Catalonia presses on with independence

Thousands of people took to the streets of Catalonia yesterday to protest against the move to keep the heads of Catalonia's two main separatist groups, Mr Jordi Sanchez and Mr Jordi Cuixart, behind bars.
Thousands of people took to the streets of Catalonia yesterday to protest against the move to keep the heads of Catalonia's two main separatist groups, Mr Jordi Sanchez and Mr Jordi Cuixart, behind bars.PHOTO: EPA-EFE

Crisis heightens as Spanish government jails leaders of activists, sparking large protests

MADRID/BARCELONA • Catalonia refused yesterday to bow to the Spanish government's demand that it renounce a symbolic declaration of independence, setting it on a political collision course with Madrid later this week.

The Spanish government has threatened to put Catalonia, which accounts for a fifth of the economy, under direct central rule if its government does not abandon independence by Thursday.

But Catalonia's government rejected Prime Minister Mariano Rajoy's deadline.

"Giving in forms no part of this government's scenarios," Catalan government spokesman Jordi Turull said. "On Thursday, we won't give anything different than what we gave on Monday."

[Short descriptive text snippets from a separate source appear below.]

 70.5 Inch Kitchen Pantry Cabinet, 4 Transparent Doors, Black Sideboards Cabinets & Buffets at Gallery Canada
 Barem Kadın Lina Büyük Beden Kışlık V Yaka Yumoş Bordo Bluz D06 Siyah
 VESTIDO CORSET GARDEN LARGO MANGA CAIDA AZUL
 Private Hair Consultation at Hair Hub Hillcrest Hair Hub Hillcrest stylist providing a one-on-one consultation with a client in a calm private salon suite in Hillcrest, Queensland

Spain's Constitutional Court said yesterday the referendum law passed by the Catalan government on Sept 6 to hold the vote on independence was void, a spokesman said. The court had originally suspended the referendum law as it studied its legality, though the Catalan government went ahead with the ballot regardless.

A day earlier, the Madrid High Court upped the stakes in Spain's worst political crisis in decades by jailing the heads of Catalonia's two main separatist groups pending an investigation for alleged sedition.

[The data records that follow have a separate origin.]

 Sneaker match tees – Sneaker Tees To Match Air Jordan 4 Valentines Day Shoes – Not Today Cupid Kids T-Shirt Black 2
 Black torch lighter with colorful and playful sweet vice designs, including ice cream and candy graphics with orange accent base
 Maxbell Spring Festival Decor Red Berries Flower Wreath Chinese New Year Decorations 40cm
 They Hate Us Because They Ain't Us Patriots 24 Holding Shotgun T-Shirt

Catalan leader Carles Puigdemont tweeted following the detentions: "Sadly, we have political prisoners again."

The phrase made a clear allusion to the military dictatorship under General Francisco Franco, when Catalan culture and language were systematically suppressed.

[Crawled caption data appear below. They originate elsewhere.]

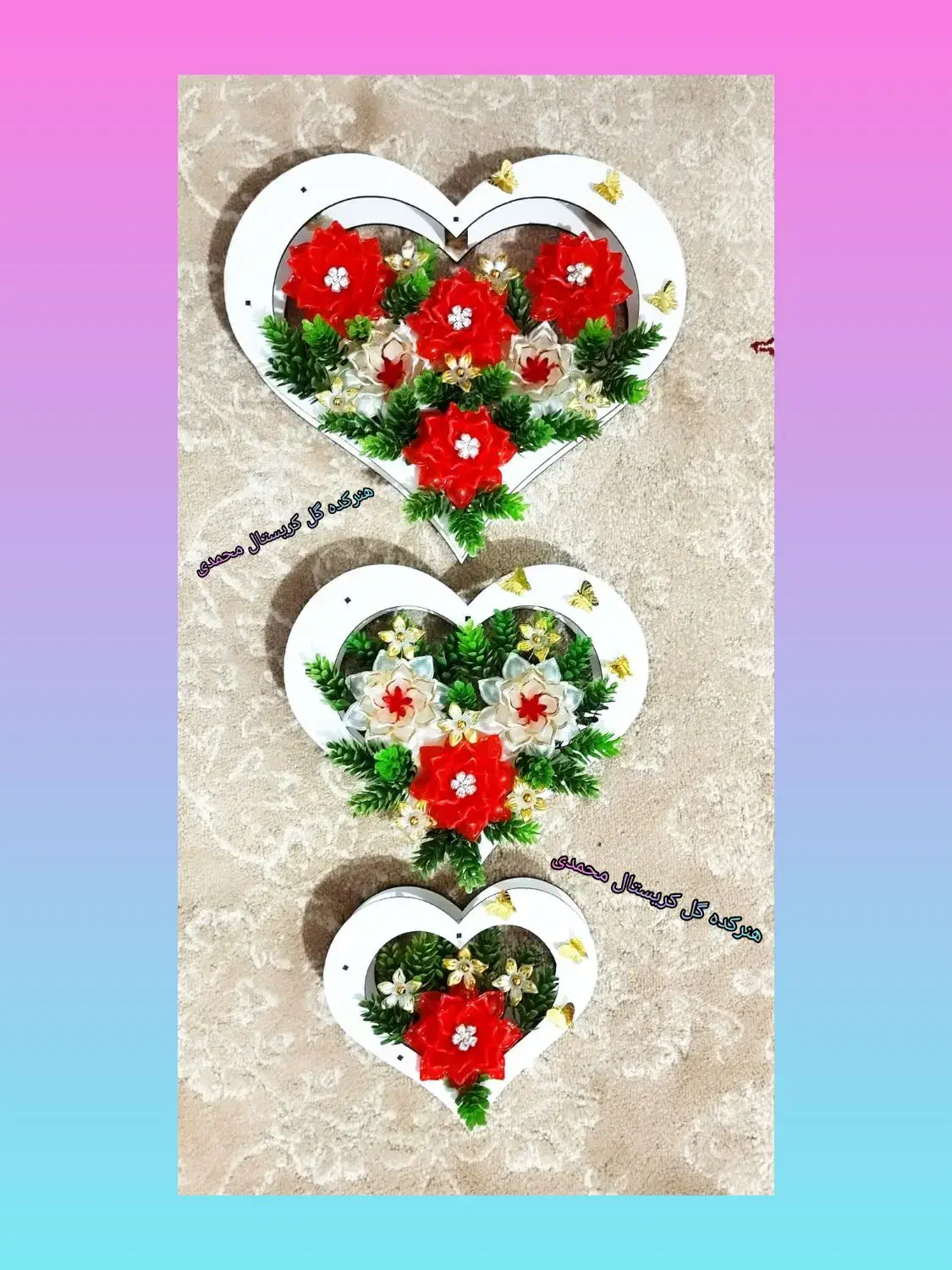 باکس قلبی گل کریستال|گل مصنوعی|لردگان, |دیوار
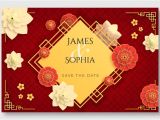 Chinese Wedding Invitation Template Free Download Realistic Wedding Invitation Template In Chinese Style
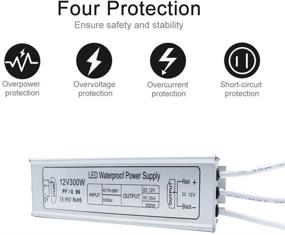 img 3 attached to 💡 inShareplus LED Driver: 300W IP67 Waterproof Outdoor Power Supply with 3-Prong Plug – Ideal for LED Lights, Computer Projects & Outdoor Use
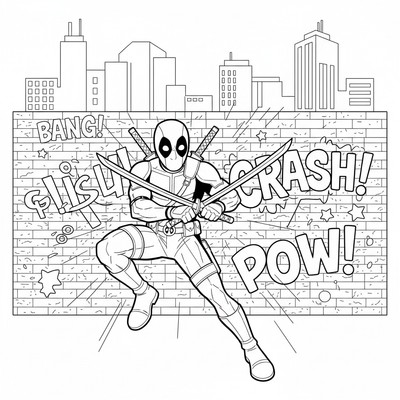 Deadpool framför en stadsvägg med graffiti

In response, Justice Minister Rafael Catala told reporters the jailing of Mr Jordi Sanchez of the Catalan National Assembly (ANC) and Omnium's Jordi Cuixart was a judicial decision, not a political one.

"We can talk of politicians in prison but not political prisoners," Mr Catala said. "These are not political prisoners because yesterday's prison ruling was due to a (suspected) crime."

Thousands of people took to the streets of Catalonia yesterday to protest against the move to keep Mr Cuixart and Mr Sanchez behind bars. "Repression is not the solution," protesters shouted as hundreds gathered outside the Catalan regional government offices in central Barcelona.

Further protests against the detention of Mr Cuixart and Mr Sanchez were planned yesterday afternoon in front of central government offices in Barcelona, Gerona, Tarragona and Lleida, with a candle-lit protest in Barcelona at 8pm.

The pair nicknamed the "two Jordis" are accused of encouraging a major protest last month as Spanish police raided the Catalan administration's offices in the run-up to the referendum.

Police officers were trapped for hours and their vehicles vandalised as protesters ringed the building, with Mr Cuixart and Mr Sanchez standing atop a police car calling for "permanent mobilisation" against the Spanish state.

The crime of sedition can carry up to 15 years in prison.

That same incident also led to Catalonia's police chief, Mr Josep Lluis Trapero, being investigated for sedition. He is accused of failing to order his force to rescue them from the building. He has not been detained but the High Court banned him from leaving Spain and seized his passport.

Madrid announced late on Monday that it was cutting its growth forecast for next year from 2.6 to 2.3 per cent as the prolonged uncertainty rattled the stock market and nearly 700 companies moved their legal headquarters out of Catalonia.